── Source records ──
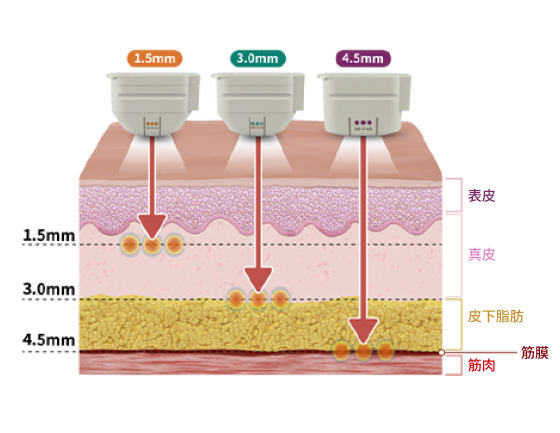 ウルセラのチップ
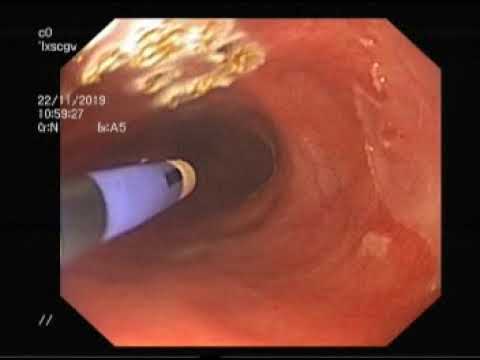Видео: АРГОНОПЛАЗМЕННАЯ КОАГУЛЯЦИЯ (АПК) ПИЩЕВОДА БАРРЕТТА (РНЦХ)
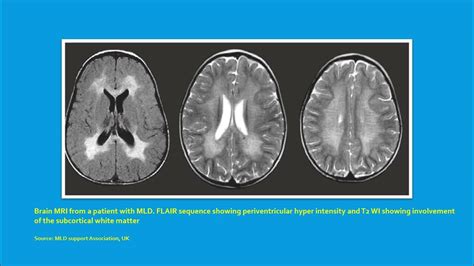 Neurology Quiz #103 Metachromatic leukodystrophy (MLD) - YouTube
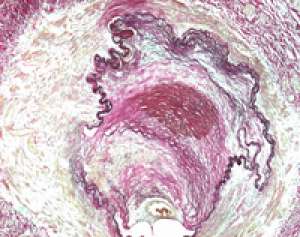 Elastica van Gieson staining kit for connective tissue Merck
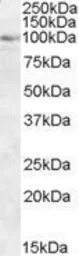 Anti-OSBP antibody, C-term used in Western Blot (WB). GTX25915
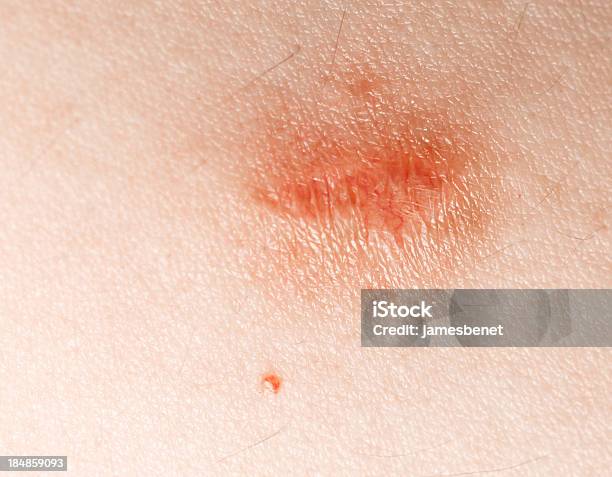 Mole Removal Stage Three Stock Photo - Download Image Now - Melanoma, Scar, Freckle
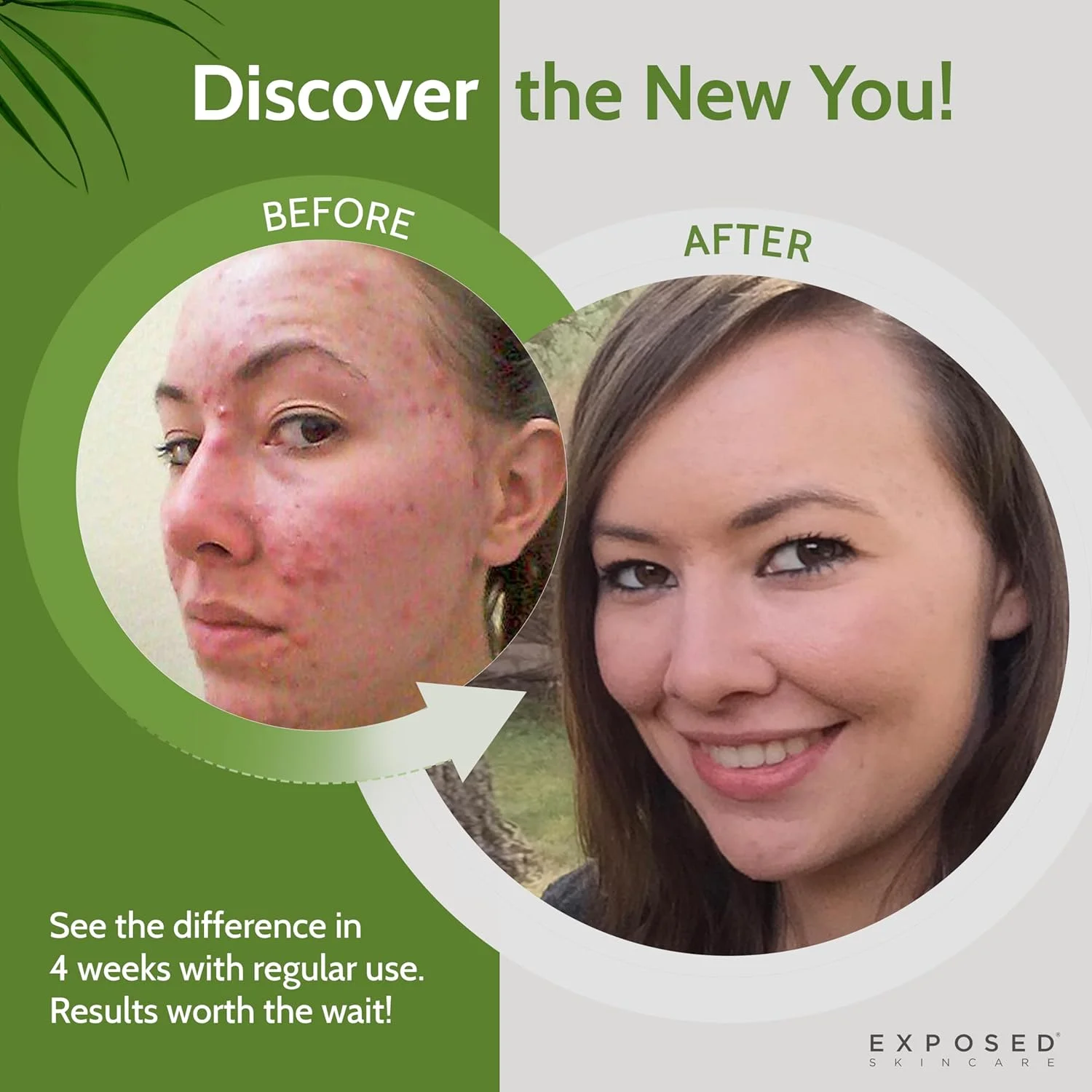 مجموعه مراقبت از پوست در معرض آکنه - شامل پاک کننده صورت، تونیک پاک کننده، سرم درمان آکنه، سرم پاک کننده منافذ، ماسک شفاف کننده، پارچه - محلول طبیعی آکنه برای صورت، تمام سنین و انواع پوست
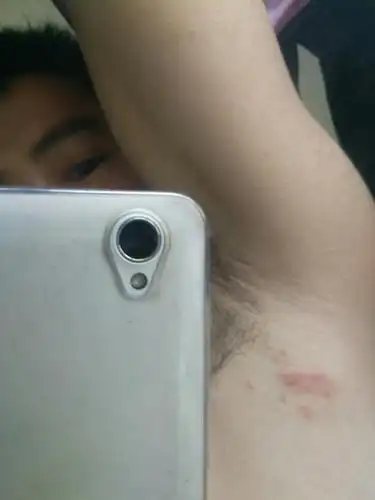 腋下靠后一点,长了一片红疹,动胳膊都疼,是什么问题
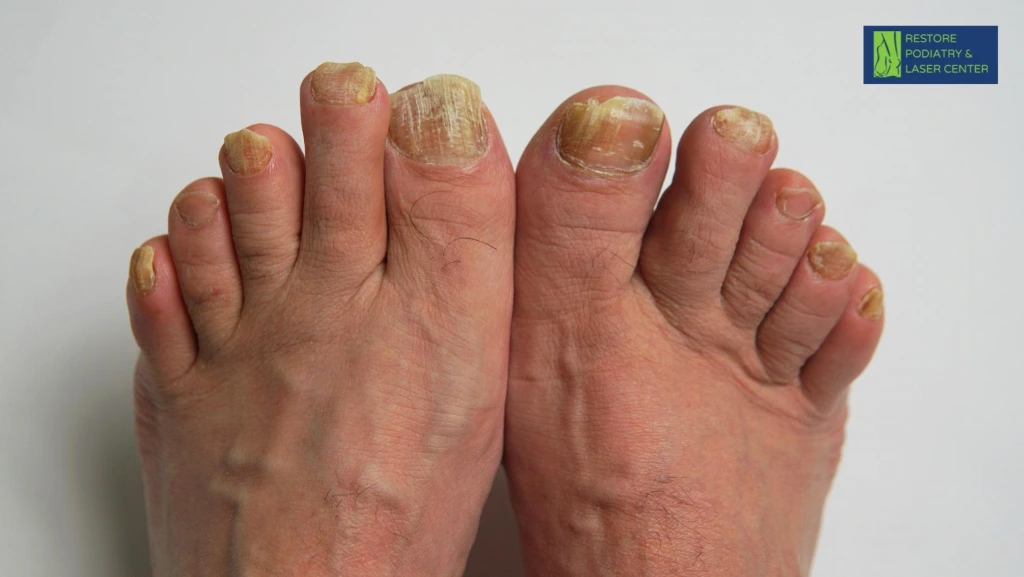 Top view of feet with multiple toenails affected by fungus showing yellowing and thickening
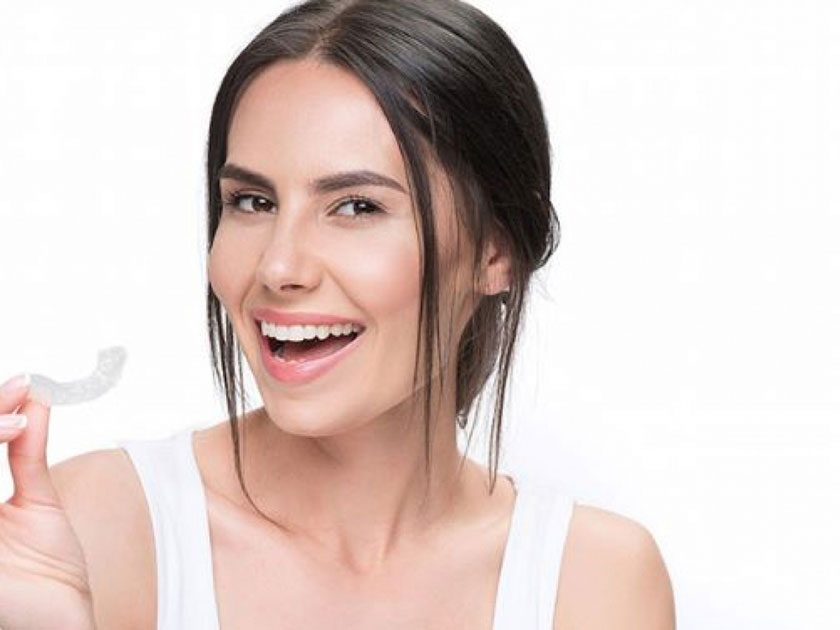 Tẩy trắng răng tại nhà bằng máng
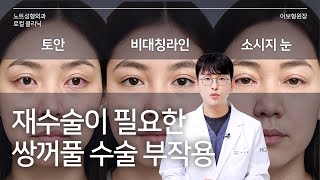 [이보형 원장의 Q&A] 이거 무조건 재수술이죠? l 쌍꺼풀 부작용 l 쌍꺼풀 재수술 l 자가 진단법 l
───
# Task details:
Print the material precisely as given, dropping any images it holds.

# Answer for this exercise:
 ウルセラのチップ
Видео: АРГОНОПЛАЗМЕННАЯ КОАГУЛЯЦИЯ (АПК) ПИЩЕВОДА БАРРЕТТА (РНЦХ)
 Neurology Quiz #103 Metachromatic leukodystrophy (MLD) - YouTube
 Elastica van Gieson staining kit for connective tissue Merck
 Anti-OSBP antibody, C-term used in Western Blot (WB). GTX25915
 Mole Removal Stage Three Stock Photo - Download Image Now - Melanoma, Scar, Freckle
 مجموعه مراقبت از پوست در معرض آکنه - شامل پاک کننده صورت، تونیک پاک کننده، سرم درمان آکنه، سرم پاک کننده منافذ، ماسک شفاف کننده، پارچه - محلول طبیعی آکنه برای صورت، تمام سنین و انواع پوست
 腋下靠后一点,长了一片红疹,动胳膊都疼,是什么问题
 Top view of feet with multiple toenails affected by fungus showing yellowing and thickening
 Tẩy trắng răng tại nhà bằng máng
 [이보형 원장의 Q&A] 이거 무조건 재수술이죠? l 쌍꺼풀 부작용 l 쌍꺼풀 재수술 l 자가 진단법 l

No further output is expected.